Consider Raising Your Deductibles
It might make sense to choose the highest deductible you can afford to pay without seriously disrupting your finances. The idea is to pay for affordable damage yourself and let insurance kick in for bigger losses.
Whatever your situation, you can reduce your premium by accepting a larger deductible and transferring part of the risk from the company to yourself. Increasing your deductibles from $200 to $1,000 could cut your premiums by as much as 40% and prevent you from filing small claims that could cost you a claims-free discount. Even raising the deductible from $250 to $500 can take a bite out of your premiums. Then add extra money to your emergency funds to cover potential expenses.

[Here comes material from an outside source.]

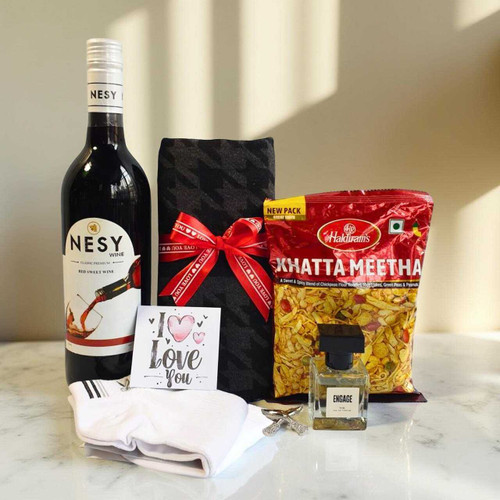 Luxury Men’s Gift Hamper with Wine, Fragrance, Brooch & Winter Accessories SK-1771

Reduce the Coverage on an Old Car
You could consider dropping comprehensive and collision coverage on an old car to reduce your insurance costs fast. That would expose you to additional risk, but remember that the insurance company won’t pay more to fix a car than it’s worth. Each year’s depreciation therefore diminishes the maximum claim you can make against your collision coverage.
If your car is five or more years old, depending on its value, you may be better off dropping both collision and comprehensive coverage and banking the savings. Estimate your car’s value by checking out the Kelley Blue Bookwebsite and consider how much protection you’re really buying for your collision and comprehensive premium.
Insure All Cars With the Same Company
You get a break for the second and successive cars covered by the same policy, so it’s usually more economical to put all your cars on one policy. Similarly, consider using the same company for other policies. Some insurers offer discounts of up to 15% for insuring your home and auto with the same company.
Don’t Pay By Installments
Most companies tack on an extra amount on to your premium when you pay in monthly or quarterly installments. If you can afford it, pay your premium in a lump sum.